Gran parte de las cintas de ficción en concurso estuvieron enfocadas en la niñez y la adolescencia, sobre todo las que podrían, amargamente, definirse como zonas “desechables” de estas primeras edades; esos muchachos que sobrevive en los recovecos de la realidad urbana, invisibles, astrosos, al borde de la muerte y el delirio —como expusieron en toda su descarnada esencia largometrajes precedentes como Rodrigo D: No futuro (1990) y La vendedora de rosas (1998), del colombiano Víctor Gaviria, cuya influencia formal y discursiva es evidente en muchas de estas películas—. El director del ensayo fílmico Anhell69 (Theo Montoya, 2022) llega a reclamar el impacto de Gaviria en su vida y obra, y hasta lo convierte en personaje de esta película-confesión, de esta película fantasmagórica llena de vidas quebradas, adioses prematuros, poblada por exhalaciones más que por personas.




Aunque en su carrera por el Coral en el apartado de Documental Anhell69 sucumbió ante la inmensa Eami(Paz Encina, 2020), de Paraguay, y en su brega por el recién estrenado premio Arrecife —a la mejor película de temática cuir—cayó una vez más ante la también colombiana —e inferior, a pesar de sus sólidas calidades intrínsecas— Un varón (Fabián Hernández, 2022), esta suerte de testamento en vida en nombre de una generación muerta merece un subrayado importante en la selección.

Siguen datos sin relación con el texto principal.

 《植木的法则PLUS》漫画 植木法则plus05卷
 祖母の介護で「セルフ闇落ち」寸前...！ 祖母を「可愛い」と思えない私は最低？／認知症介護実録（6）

El principal dispositivo para desplegar todas estas historias de juventudes al pairo son los actores naturales que en gran medida terminan interpretándose a sí mismos, o a personas muy cercanas a ellos, siguiéndose una vez más la pauta “neo-neorrealista” de Gaviria. Así se distingue en cintas como las colombianas Un varón, Los reyes del mundo (Laura Mora, 2022), La jauría (Andrés Ramírez Pulido, 2022), Amparo (Simón Mesa Soto, 2021); en la nicaragüense La hija de todas las rabias (Laura Baumeister, 2022); en las mexicanas Noche de fuego (Tatiana Huezo, 2021) y Manto de gemas (Natalia López, 2022); en la chilena Blanquita (Fernando Guzzoni, 2022); y en otras más. 

La confluencia de todas estas miradas en las juventudes ctónicas del subcontinente determina una preocupación definitoria de esta generación de realizadores, nacidos entre finales de los años 70 y mediados de los 80 del siglo XX, y reivindica a Gaviria como uno de los cineastas más influyentes en la contemporaneidad fílmica latinoamericana. 

Por supuesto, los postulados y parámetros defendidos por este director son tamizados a través de otra retícula de influencias y referentes, lo que redunda en discursos auténticos, para nada miméticos, en los cuales el prurito social se mixtura orgánicamente con la maravilla mitopoética; en un visceral tributo al realismo mágico más cercano a la espectralidad de Juan Rulfo y su tenebrosa aldea de Comala, que a la fantasía más costumbrista de García Márquez con capital en Macondo.

Los mundos de las referidas Los reyes…, La jauríaLa hija…, Anhell69, de las costarricenses Clara sola (Natalie Álvarez Mesén, 2021) y Domingo y la niebla (Ariel Escalante, 2022), y de la máxima premiada El gran movimiento (Kiro Russo, 2021) de Bolivia, se advierten como regiones limítrofes, crepusculares. Son fronteras en disolución, cosmos proteicos en los que los seres encarnados y desencarnados conviven en sutil y melancólica armonía, y los seres mágicos —como en el caso de Clara sola— aún generan milagros. 

Otro mundo —no mejor, pero sí diferente— es aquí posible, más allá de las bardas de esa ilusión reducida que nos empeñamos en catalogar como realidad. Más bien estas películas contribuyen a complejizar el modelo de realidad, reivindican la flexibilización del canon realista asentado en el ateísmo científico marxista, y por extensión, por los partidarios de la izquierda.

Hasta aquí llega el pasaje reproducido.